Materials data

Best practices in building training datasets for AI

Introduction to best practices

Machine learning (ML) models are becoming increasingly popular for a wide range of applications in materials science. Within this field, ML models are often classified as predictive and generative. Predictive models can predict certain properties or characteristics of unseen materials from a sufficient amount of material-property training data. Generative models go a step further and are able to take this preliminary information to design new materials with user predefined properties. The success of ML models depends critically on the quality of the training data that is used to teach them. In this post, we will discuss some best practices for building training datasets for ML models.

Best practices

Gather high-quality data

High-quality data must accurately represent the problem you are trying to solve and must be labeled consistently and precisely. In many cases, this means gathering data from trusted and diverse databases. The material data should also be representative of the chemical space you are trying to model, and should cover a significant range of compositions, symmetries or applications.

Ensure balanced and diverse data

In addition to gathering high-quality data, it is important to ensure that the data is balanced and diverse. For instance, in some material science applications, the data might be classified into different classes or labels, such as spacegroup. It is important to ensure that the data is balanced in terms of the number of examples in each class. If one class is over-represented in the training data, the model may become biased towards that class. This might cause a poor performance on new, unseen data. For example, consider the case of a structure-based generative model is trained with a strong bias towards high space groups. This model will not be able to accurately design structures with low space groups.

Avoid overfitting

Overfitting might occur when a model becomes too specialized to the training data and performs poorly on unseen data. To avoid overfitting, it is important to ensure that the training data is large enough and diverse enough to capture the full range of variation in the chemical space. In this regard, engineers can calculate different metrics to evaluate the chemical diversity and balance of the dataset. Some examples are the number of materials per chemical element present in the dataset or the number of atoms per material. It is often recommended that these properties follow a homogeneous distribution within the dataset to avoid overfitting.

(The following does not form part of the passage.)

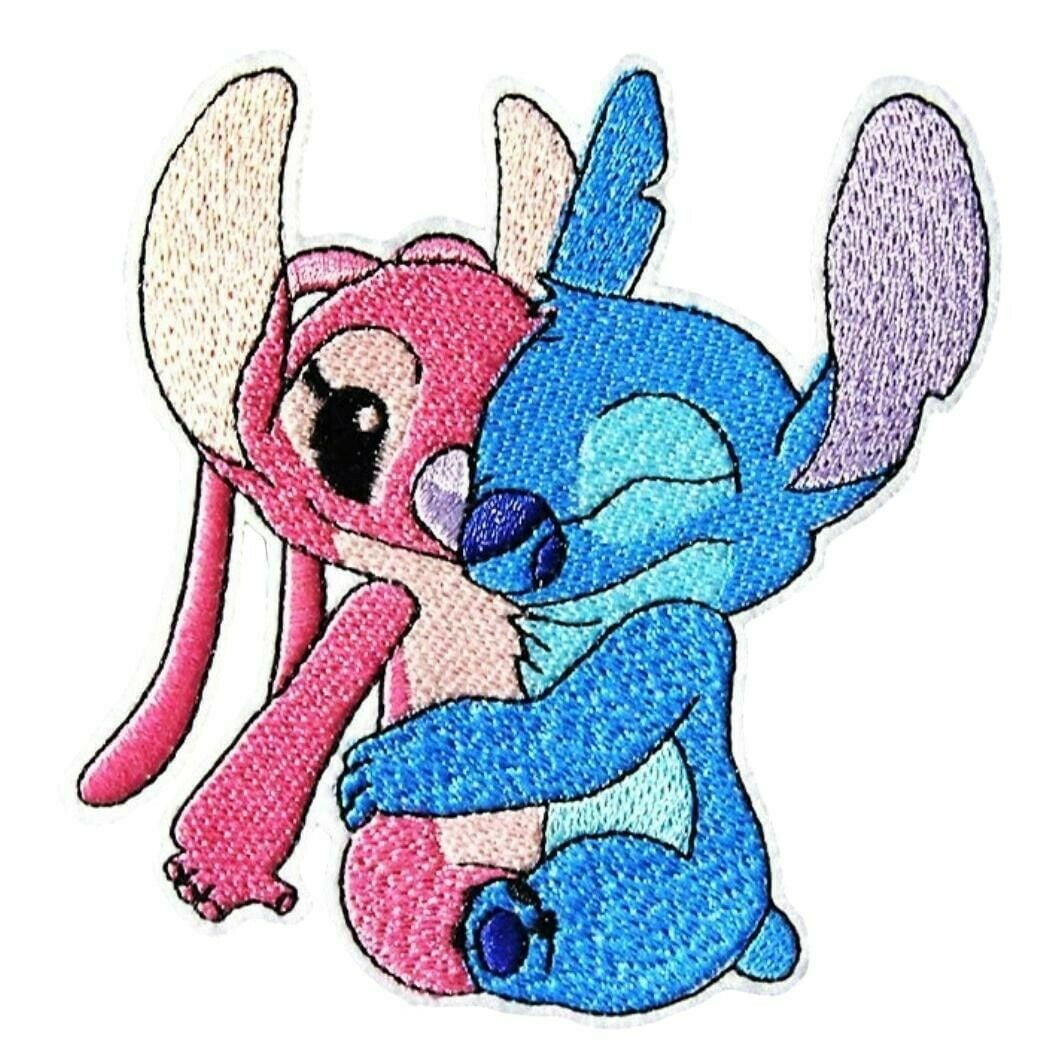 Lilo and Stitch Stitch and Angel 4 Inches Tall Embroidered Iron On Patch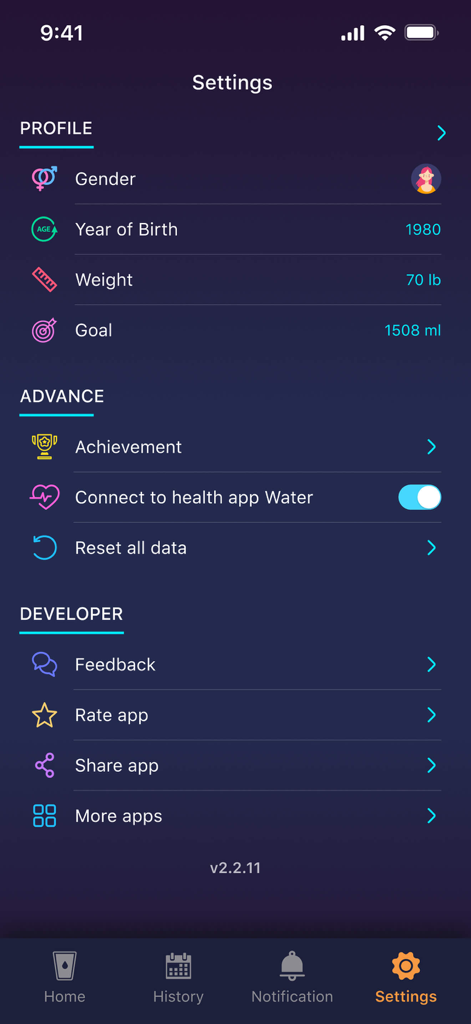 Drink water: Drinking reminder - L'interface des paramètres de l'application drink water montrant les options de profil et d'intégration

Use data augmentation techniques

Data augmentation is the process of artificially increasing the size of the training dataset by creating new synthetic examples from existing data. This can be done by rotating, flipping, or scaling known structures. Data augmentation can help to improve the robustness and generalization of the model. It can be especially useful when the amount of training data is limited.

Data Augmentation

Data augmentation techniques proposed by (Magar et al., 2022).

Continuously evaluate and improve

Once training dataset is built, it is important to continuously evaluate and improve it. This may involve using validation data to assess the performance of the ML models during and after training, and using this feedback to refine and improve the training dataset over time. It may also involve adding new data as it becomes available, or using data augmentation techniques to create additional examples.

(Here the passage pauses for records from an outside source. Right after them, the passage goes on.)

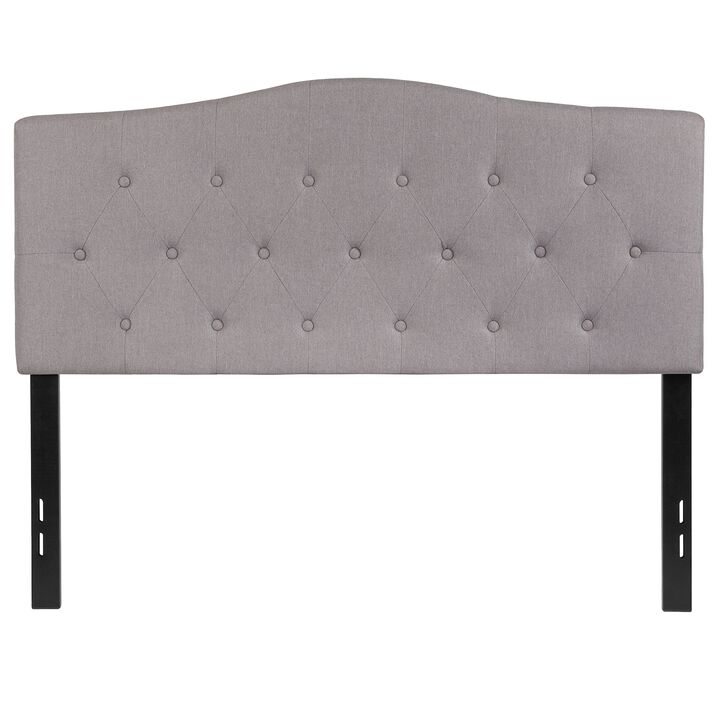Flash Furniture Cambridge Tufted Upholstered Full Size Headboard in Light Gray Fabric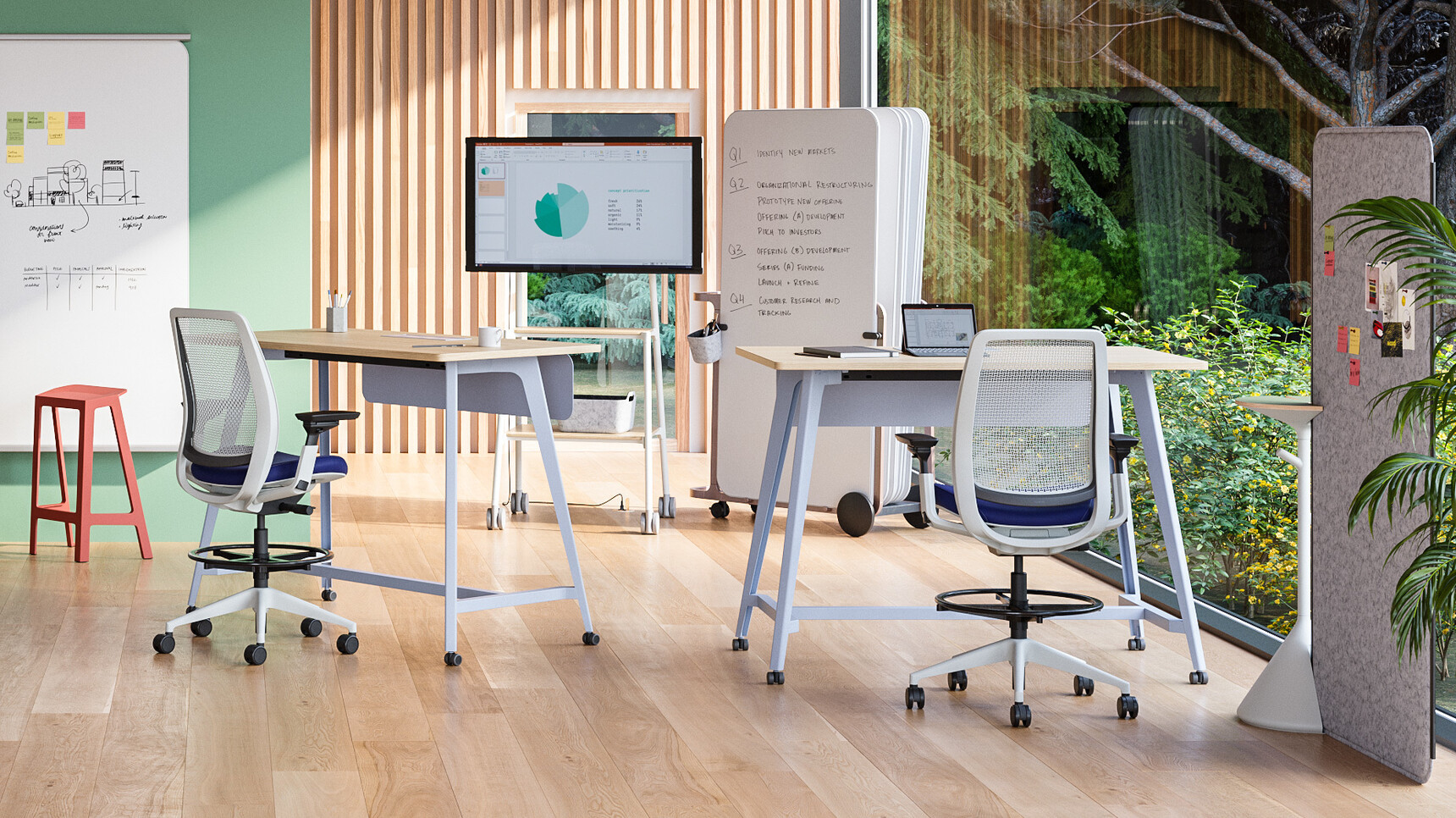Steelcase Lares Mobile Standing Meeting Table Wood Top Blue Leg Finish In Office Setting
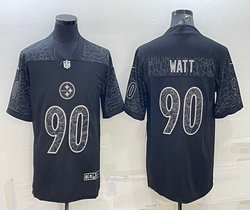 Nike Pittsburgh Steelers #90 T. J. Watt Black Reflective Authentic Stitched NFL Jersey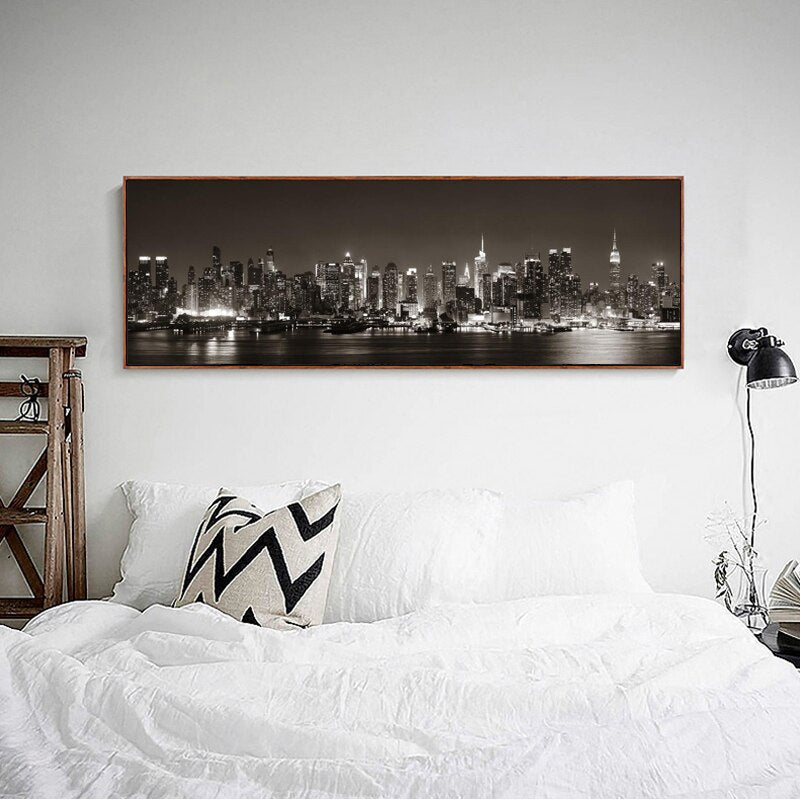 Modern Landscape City Night Canvas Art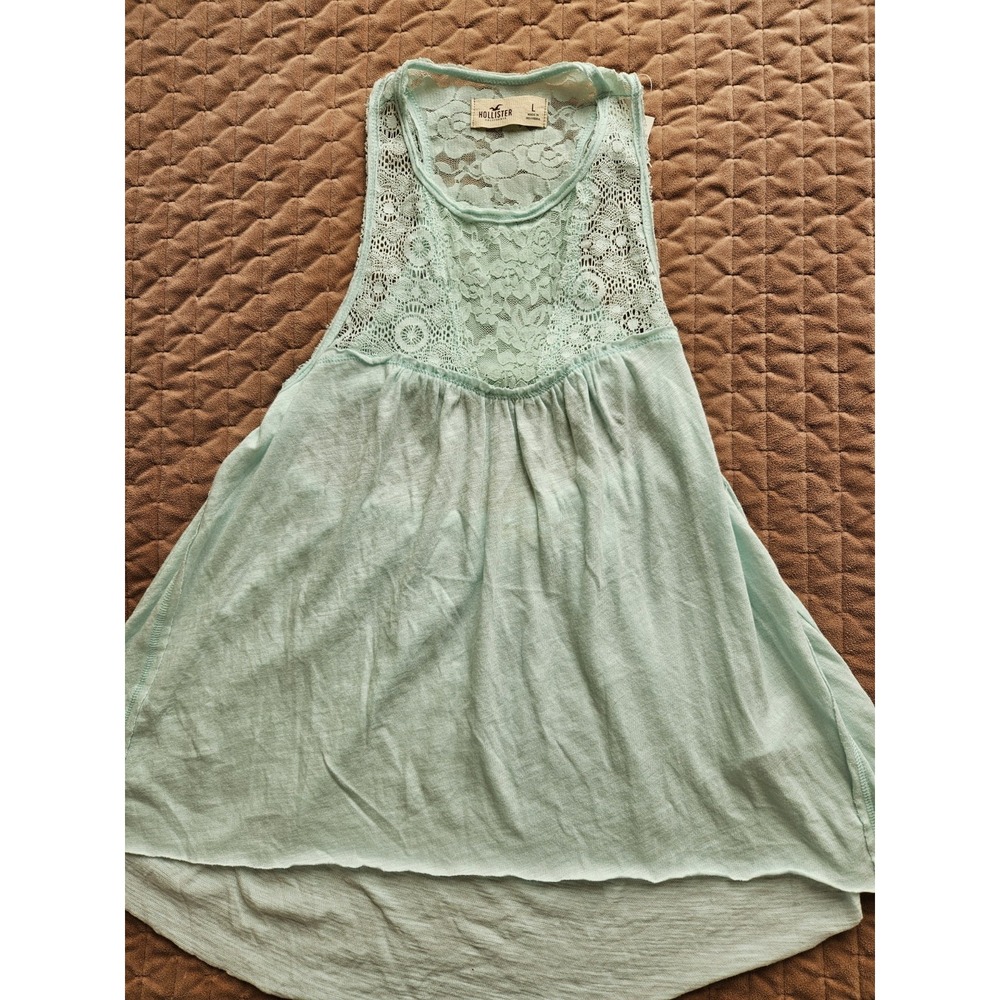 NWT Hollister Mint Green Sleeveless Racerback Lace Open Waist Hi-Low Tank Top, L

Use best practices in your ML workflows!

In conclusion, building a high-quality training dataset is a critical step in the ML process. By following these best practices, engineers can achieve a training dataset which is robust, representative, and effective for training ML models according to the application of their choice. The quality of the used data will irrevocably impact the quality of the ML model, so it is essential to take enough time to gather, clean, and label the preliminary data carefully, and use best practices to ensure that training datasets are balanced, diverse, and powerful.